International exhibition sheds new light on Jasper Johns's embrace of the art of Edvard Munch
The First Art Newspaper on the Net    Established in 1996 Saturday, November 16, 2024


International exhibition sheds new light on Jasper Johns's embrace of the art of Edvard Munch
Edvard Munch, Self-Portrait between the Clock and the Bed, 1940-43, oil on canvas, 58 7/8 x 47 1/2 in. Munch Museum.
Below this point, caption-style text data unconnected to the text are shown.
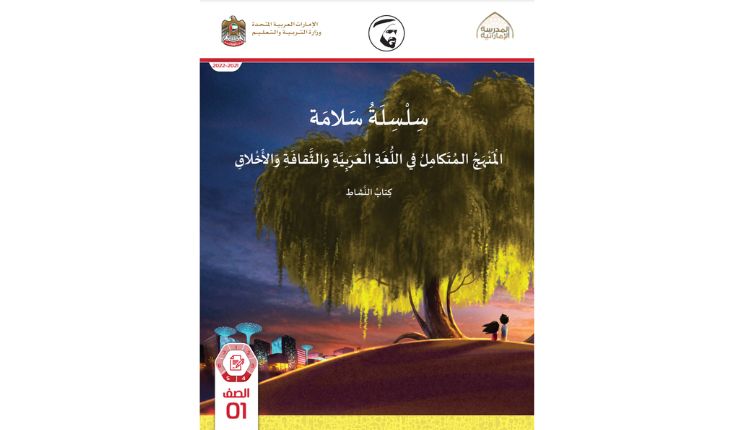 كتاب المنهج المتكامل في اللغة العربية والثقافة والأخلاق صف أول فصل ثاني 1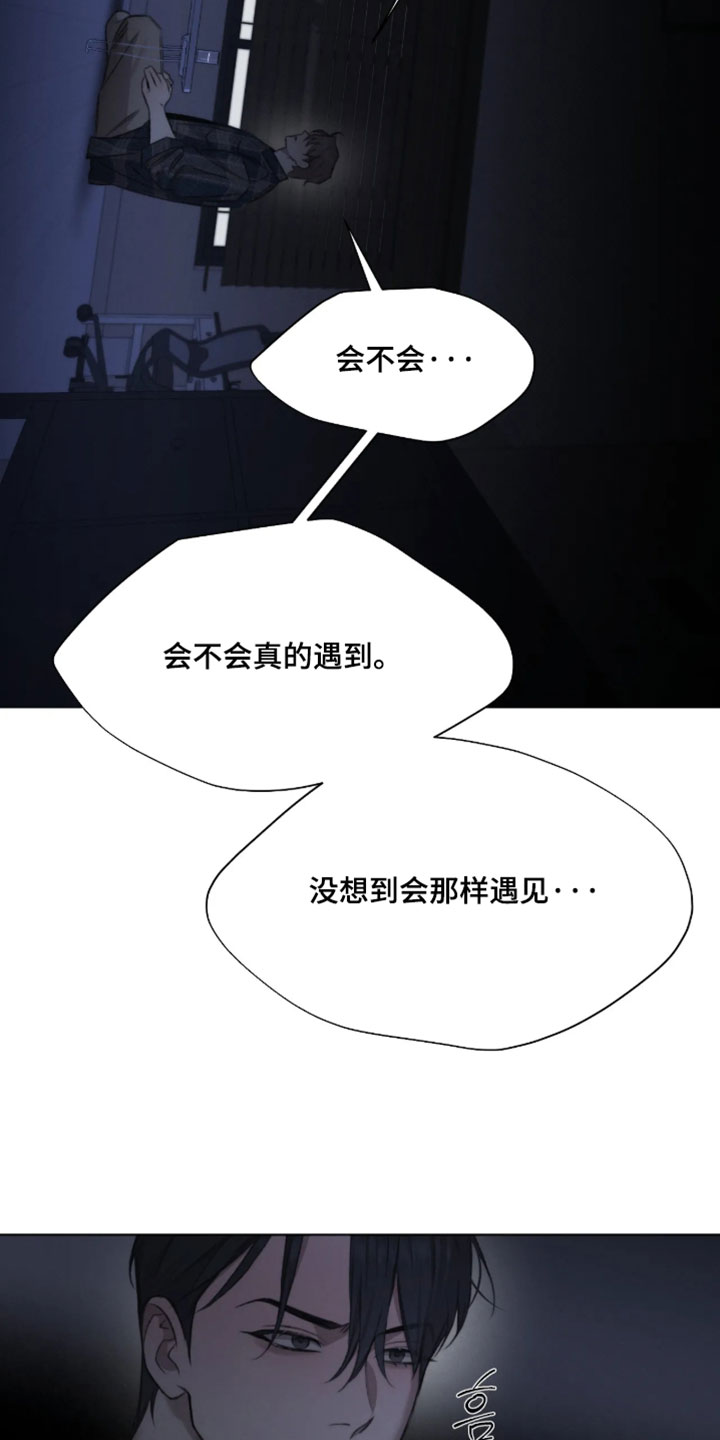 绿洲歌曲漫画,第102章：【第三季】你喜欢我吗？2图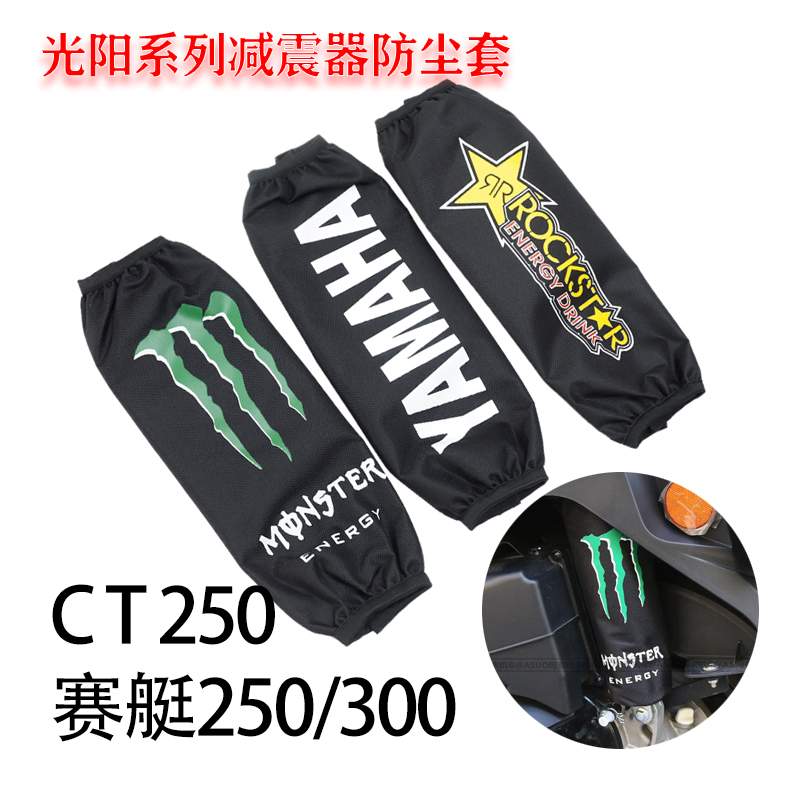 适用光阳CT250摩托车后减震器防尘套赛艇250/300减震器防尘套配件-封面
OSLO.- At a crossroads in the middle of his career, Jasper Johns (1930) found his way forward in part by looking to the work of Edvard Munch (1863–1944). Now a ground-breaking exhibition entitled Jasper Johns and Edvard Munch: Love, Loss, and the Cycle of Life examines how Johns, one of America’s preeminent artists, mined the work of the Norwegian Expressionist in the late 1970s and early 1980s as he moved away from a decade of abstract painting towards a more open expression of love, sex, loss and death.

Organized by the Virginia Museum of Fine Arts (VMFA) in partnership with the Munch Museum, Jasper Johns and Edvard Munch opened this weekend in Oslo on Saturday, June 18, 2016, and in Richmond on Saturday, November 19, 2016 (remaining on view in Richmond through February 20, 2017). The showing at VMFA is the sole U.S. venue.

“The depth of the relationship between Johns and Munch has never been explored as systematically, nor illustrated as stunningly, as it will be in this international exchange,” says VMFA Director Alex Nyerges. Including more than 120 paintings, drawings, prints, and photographs, the exhibition has been conceived and organized by John B. Ravenal, Executive Director of deCordova Sculpture Park and Museum and former Sydney and Frances Lewis Family Curator of Modern and Contemporary Art at VMFA.

Ravenal calls the two artists “strange bedfellows” in the accompanying volume, Jasper Johns and Edvard Munch: Inspiration and Transformation, co-published by the Virginia Museum of Fine Arts and Yale University Press, in partnership with the Munch Museum. By the turn of the last century, Munch had worked his way towards a figurative style shaped by the emotions that preoccupied him--anxiety, loneliness, jealousy, fear, and grief. Johns, on the other hand, has been quoted as saying “I didn’t want my work to be an exposure of my feelings,” when describing why he turned his back on Abstract Expressionism to paint familiar, even neutral, images like flags, targets, and numbers.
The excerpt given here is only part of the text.